*** Begin section ***

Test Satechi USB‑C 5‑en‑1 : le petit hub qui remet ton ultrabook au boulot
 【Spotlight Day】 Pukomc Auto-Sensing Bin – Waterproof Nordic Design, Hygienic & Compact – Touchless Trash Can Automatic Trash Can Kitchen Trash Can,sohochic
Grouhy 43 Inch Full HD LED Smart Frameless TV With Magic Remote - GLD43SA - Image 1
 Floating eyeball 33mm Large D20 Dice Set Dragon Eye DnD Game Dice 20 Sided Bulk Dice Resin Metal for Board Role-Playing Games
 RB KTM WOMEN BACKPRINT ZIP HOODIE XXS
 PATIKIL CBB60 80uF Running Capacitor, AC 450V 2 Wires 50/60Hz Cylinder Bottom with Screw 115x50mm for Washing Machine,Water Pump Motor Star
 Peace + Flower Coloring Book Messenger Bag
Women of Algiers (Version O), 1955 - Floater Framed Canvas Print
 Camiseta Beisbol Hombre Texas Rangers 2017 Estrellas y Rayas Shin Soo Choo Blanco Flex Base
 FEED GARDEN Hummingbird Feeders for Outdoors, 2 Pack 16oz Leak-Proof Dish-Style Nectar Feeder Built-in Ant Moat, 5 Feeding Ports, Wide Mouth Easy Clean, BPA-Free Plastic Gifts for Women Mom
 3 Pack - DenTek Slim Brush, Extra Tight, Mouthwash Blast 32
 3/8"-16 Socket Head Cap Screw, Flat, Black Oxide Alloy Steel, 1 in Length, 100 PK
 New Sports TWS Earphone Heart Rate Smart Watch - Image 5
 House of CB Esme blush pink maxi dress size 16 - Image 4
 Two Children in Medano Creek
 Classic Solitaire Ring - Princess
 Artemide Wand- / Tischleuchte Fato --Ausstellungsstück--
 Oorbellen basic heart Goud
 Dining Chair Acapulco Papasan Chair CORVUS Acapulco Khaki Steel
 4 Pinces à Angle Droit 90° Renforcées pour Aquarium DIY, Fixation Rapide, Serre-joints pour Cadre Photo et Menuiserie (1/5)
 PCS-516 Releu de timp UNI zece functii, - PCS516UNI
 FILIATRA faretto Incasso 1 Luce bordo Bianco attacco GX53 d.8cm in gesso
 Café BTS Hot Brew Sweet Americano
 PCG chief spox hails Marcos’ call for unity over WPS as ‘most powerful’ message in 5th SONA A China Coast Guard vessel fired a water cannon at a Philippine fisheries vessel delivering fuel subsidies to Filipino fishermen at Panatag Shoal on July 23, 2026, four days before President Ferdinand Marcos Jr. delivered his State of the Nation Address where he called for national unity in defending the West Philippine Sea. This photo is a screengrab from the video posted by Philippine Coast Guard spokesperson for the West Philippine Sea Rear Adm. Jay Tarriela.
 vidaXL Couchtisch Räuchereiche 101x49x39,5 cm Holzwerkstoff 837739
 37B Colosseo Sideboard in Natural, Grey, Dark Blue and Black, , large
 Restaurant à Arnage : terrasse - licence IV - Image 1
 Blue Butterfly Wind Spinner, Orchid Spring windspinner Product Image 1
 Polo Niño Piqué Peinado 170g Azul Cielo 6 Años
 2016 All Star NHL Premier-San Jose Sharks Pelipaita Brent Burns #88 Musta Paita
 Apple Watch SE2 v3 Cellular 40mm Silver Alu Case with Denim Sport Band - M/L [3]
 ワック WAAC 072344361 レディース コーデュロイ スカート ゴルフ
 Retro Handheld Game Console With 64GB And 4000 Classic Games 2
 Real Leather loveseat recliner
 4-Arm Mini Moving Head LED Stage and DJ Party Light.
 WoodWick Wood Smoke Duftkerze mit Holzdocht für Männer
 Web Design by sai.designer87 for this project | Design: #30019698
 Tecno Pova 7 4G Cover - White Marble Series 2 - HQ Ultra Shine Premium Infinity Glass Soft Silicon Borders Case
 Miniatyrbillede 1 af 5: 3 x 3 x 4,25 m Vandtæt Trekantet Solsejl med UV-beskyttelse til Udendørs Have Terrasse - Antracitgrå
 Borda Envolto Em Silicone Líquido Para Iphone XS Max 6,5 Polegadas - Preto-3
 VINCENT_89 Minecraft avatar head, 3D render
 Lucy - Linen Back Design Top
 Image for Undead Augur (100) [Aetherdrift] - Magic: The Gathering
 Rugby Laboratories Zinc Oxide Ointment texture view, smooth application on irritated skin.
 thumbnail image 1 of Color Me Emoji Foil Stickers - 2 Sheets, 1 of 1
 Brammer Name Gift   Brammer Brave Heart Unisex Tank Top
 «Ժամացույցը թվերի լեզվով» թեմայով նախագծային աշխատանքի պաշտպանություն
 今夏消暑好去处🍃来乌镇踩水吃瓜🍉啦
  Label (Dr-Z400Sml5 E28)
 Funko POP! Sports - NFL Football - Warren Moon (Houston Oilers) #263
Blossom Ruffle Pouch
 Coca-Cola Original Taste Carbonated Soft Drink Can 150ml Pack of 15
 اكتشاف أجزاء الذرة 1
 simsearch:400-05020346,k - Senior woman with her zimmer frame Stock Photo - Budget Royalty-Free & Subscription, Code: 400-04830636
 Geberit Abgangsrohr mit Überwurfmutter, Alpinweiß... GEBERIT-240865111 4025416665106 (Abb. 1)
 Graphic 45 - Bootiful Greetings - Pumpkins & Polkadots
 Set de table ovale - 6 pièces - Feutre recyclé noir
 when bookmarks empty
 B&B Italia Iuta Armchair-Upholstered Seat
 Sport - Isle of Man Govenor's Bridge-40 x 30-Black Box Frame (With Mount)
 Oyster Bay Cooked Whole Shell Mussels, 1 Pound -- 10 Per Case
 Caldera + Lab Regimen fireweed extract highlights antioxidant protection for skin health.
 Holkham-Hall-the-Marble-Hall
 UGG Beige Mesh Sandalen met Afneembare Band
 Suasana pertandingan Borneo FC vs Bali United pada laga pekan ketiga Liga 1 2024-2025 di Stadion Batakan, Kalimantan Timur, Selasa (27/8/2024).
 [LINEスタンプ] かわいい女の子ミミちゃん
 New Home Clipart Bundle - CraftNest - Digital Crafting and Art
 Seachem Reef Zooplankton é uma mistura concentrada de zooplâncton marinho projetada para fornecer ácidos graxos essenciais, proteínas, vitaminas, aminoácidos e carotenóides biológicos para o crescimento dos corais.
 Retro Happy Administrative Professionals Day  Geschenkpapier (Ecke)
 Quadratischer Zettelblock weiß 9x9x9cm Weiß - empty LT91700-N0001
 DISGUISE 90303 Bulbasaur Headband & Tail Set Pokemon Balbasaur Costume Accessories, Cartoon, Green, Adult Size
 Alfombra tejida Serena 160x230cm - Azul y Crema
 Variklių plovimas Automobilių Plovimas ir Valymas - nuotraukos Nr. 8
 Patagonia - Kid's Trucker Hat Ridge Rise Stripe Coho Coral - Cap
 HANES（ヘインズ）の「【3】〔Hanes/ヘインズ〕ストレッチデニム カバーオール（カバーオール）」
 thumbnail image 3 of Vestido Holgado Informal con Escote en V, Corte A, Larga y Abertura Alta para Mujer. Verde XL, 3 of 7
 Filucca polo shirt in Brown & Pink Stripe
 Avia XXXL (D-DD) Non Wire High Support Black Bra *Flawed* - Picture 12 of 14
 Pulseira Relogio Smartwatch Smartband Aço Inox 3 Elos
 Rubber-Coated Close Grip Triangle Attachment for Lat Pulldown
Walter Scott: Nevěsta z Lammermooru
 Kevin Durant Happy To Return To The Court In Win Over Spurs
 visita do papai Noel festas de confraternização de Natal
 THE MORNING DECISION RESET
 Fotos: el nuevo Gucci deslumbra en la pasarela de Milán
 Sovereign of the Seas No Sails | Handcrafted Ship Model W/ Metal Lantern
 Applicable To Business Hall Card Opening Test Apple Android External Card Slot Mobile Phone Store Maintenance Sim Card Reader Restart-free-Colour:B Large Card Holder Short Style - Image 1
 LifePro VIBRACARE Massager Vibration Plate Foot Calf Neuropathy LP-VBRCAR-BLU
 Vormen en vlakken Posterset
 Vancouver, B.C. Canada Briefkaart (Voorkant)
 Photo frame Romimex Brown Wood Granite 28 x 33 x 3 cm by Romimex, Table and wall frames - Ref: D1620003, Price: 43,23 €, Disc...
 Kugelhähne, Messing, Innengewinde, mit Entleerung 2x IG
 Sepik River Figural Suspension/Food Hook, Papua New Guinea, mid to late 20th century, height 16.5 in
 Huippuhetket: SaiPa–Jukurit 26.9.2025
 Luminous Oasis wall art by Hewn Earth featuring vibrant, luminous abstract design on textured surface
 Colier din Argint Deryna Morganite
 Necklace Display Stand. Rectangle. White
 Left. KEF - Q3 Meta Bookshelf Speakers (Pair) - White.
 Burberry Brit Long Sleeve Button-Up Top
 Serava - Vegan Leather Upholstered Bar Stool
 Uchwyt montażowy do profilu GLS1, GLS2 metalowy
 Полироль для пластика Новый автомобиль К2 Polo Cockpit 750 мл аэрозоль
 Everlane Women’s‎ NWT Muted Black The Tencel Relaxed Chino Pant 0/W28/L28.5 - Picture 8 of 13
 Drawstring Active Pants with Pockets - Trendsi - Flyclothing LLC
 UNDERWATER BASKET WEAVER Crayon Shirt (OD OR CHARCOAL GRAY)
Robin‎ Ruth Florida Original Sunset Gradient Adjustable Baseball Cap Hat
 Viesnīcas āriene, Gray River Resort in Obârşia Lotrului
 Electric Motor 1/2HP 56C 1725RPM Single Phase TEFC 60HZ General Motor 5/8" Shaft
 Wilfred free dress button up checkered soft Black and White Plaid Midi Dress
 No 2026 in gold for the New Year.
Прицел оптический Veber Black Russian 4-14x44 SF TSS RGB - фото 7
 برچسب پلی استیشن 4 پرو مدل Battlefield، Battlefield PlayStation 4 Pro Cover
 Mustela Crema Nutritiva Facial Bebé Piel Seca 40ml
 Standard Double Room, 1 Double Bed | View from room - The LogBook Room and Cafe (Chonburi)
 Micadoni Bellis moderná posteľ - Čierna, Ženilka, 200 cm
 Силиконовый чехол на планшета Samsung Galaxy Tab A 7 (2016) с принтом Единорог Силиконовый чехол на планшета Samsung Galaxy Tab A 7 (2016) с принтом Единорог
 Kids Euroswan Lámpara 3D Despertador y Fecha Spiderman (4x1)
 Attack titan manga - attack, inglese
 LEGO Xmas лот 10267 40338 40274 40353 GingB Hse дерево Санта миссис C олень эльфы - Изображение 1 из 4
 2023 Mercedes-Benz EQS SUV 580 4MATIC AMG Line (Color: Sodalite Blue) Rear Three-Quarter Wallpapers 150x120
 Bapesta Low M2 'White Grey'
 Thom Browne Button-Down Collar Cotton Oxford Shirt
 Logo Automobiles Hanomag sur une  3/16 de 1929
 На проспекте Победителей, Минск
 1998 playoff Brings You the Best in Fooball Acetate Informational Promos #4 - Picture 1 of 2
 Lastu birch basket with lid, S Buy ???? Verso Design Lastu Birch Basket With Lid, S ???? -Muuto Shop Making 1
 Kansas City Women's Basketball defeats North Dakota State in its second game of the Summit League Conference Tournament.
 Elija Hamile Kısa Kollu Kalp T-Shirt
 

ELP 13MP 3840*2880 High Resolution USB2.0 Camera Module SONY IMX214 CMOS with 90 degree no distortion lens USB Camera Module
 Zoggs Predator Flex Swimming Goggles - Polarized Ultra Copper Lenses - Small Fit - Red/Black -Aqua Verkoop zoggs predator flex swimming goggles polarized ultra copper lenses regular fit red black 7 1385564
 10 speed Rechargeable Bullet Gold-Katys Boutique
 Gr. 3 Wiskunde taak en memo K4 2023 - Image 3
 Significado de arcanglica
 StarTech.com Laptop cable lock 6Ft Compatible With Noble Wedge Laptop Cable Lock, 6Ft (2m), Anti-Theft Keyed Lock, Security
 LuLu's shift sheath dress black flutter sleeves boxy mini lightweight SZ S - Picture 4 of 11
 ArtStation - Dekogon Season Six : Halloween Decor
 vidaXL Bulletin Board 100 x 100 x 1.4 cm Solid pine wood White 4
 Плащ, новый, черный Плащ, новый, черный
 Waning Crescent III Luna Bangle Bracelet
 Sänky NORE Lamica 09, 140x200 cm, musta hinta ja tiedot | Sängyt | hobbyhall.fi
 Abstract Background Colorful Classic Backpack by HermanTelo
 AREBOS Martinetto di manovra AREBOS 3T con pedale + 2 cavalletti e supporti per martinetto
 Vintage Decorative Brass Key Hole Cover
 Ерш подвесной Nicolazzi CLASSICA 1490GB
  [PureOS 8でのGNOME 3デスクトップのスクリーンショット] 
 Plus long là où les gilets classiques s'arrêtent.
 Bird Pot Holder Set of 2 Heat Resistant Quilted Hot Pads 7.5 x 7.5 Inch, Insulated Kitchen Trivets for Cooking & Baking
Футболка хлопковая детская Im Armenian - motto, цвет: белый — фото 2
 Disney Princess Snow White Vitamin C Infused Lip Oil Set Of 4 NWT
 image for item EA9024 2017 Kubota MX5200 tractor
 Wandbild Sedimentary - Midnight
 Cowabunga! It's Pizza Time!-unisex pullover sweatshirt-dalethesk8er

*** End section ***

=== Exercise description ===
Working from the material above, retype exactly the lines from the one with "Floating eyeball 33mm" through the one with "RB KTM WOMEN BACKPRINT ZIP HOODIE XXS", both included, and only those lines.

=== Completed exercise ===
 Floating eyeball 33mm Large D20 Dice Set Dragon Eye DnD Game Dice 20 Sided Bulk Dice Resin Metal for Board Role-Playing Games
 RB KTM WOMEN BACKPRINT ZIP HOODIE XXS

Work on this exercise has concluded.